« Aujourd’hui nous vous proposons une nouvelle intervention de Nicolas Fleurier. Cet auteur de talent nous à fait le plaisir de rédiger spécialement pour FulguroPop une série de six travaux en relation avec la licence Alien. A travers le concept de réverbération culturelle, Nicolas va mettre en évidence différents domaines matricés par l’univers du xénomorphe et ce de manière plus ou moins officieuse.
Le thème est passionnant et il est une réflexion à la problématique qui consiste à définir les limites parfois aussi minces qu’une feuille de papier entre l’hommage, l’inspiration et la copie. Dans un souci de lisibilité, j’ai choisi de séquencer le travail de Nicolas en trois publications divisées elles-mêmes en deux sous-parties. Bonne lecture à tous. »
« Où sommes-nous maintenant ? Toujours sur la planète ? »
Alan Dean Foster, Alien ou le huitième passager.

Introduction
Dans cet espace intermédiaire qui se crée entre le créateur et le spectateur, où l’œuvre devient autre chose que ce qu’elle était jusque-là par le simple fait de sa réception, elle peut aussi se poursuivre en prenant des formes diverses. Elle n’appartient plus tout à fait à son auteur une fois diffusée, et les produits dérivés en sont une preuve évidente quand elle est populaire, de même que ce droit tacitement reconnu aux fans de s’exprimer sur les suites qu’elle pourrait connaître.
Mais le procédé du licensing peut parfois se confondre avec un phénomène qui n’est pas toujours plus gratuit, une sorte de réverbération culturelle qui double l’éclosion des « univers étendus » ou des films d’exploitation, et qui dépasse toujours le clin d’œil sans jamais atteindre le pastiche. Ce phénomène peut participer d’œuvres reconnues en créant des liaisons plus puissantes que les « œufs de Pâques », et en contribuant à cette innervation de la culture populaire qui est parfois confondue avec la cohérence. C’est particulièrement vrai avec des licences durables comme Alien car elles sont assimilées de longue date, et présentent des éléments définitionnels qui se prêtent aux variantes.
La réverbération culturelle peut alors provoquer des rejets dans des domaines étrangers au cinéma, et susciter une production parallèle dont les contours sont définis par la nécessaire adaptation du matériau originel et la volonté de rendre hommage, mais dont même les marqueurs remarquables sont parfois relégués aux magasins mentaux à prix cassés.
Dans l’animation japonaise : « how do I get out of this chicken shit outfit? »

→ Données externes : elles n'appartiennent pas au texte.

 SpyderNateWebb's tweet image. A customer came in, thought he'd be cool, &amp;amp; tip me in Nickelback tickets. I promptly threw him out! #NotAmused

La réverbération culturelle peut prendre la forme d’un hommage plus ou moins déguisé, ou plus ou moins adapté à ce dans quoi il s’inscrit, et si la licence Alien a été l’objet de nombreuses références dans l’animation, elle l’a plus rarement été dans les anime et peut-être une seule fois pour être parodiée. La série est Cowboy bebop et l’épisode Toys in the attic, où une créature se déplace dans le vaisseau Bebop et attaque les membres de son équipage un par un, jusqu’à ce que le personnage de Spike Spiegel ne la pourchasse dans des conduits d’aération, muni d’un détecteur de mouvements et d’un lance-flammes, pour se décider finalement à l’expulser dans l’espace par un sas. Cela dit, la créature tient plus du pathogène des Engineers que du Xénomorphe, même si elle est bien née d’un hôte et plus précisément d’un homard de Ganymède, et qu’elle finira dans la panse d’un humain comme les Facehuggers dans celle des créatures d’Aliens: Reapers ou d’Aliens: Taste. Mais on ne s’attend peut-être pas à une association culturelle de la sorte, car la dimension syncrétique du Cool Japan repose d’abord sur des emprunts à la culture européenne, et surtout pas à ce qu’elle tienne sur un épisode complet, quand Dragon ball ou My hero academia se contentent de simples clins d’œil. Il est d’ailleurs plus facile de trouver un équivalent dans l’animation américaine, où l’épisode de Futurama intitulé Murder on the Planet Express, par exemple, reprend l’idée de la poursuite dans les conduits d’aération et de repérage par détecteur de mouvements, mais renvoie pour le reste à The thing car la créature est un métamorphe.
Dans les jeux vidéo : « I can’t lie to you about your chances »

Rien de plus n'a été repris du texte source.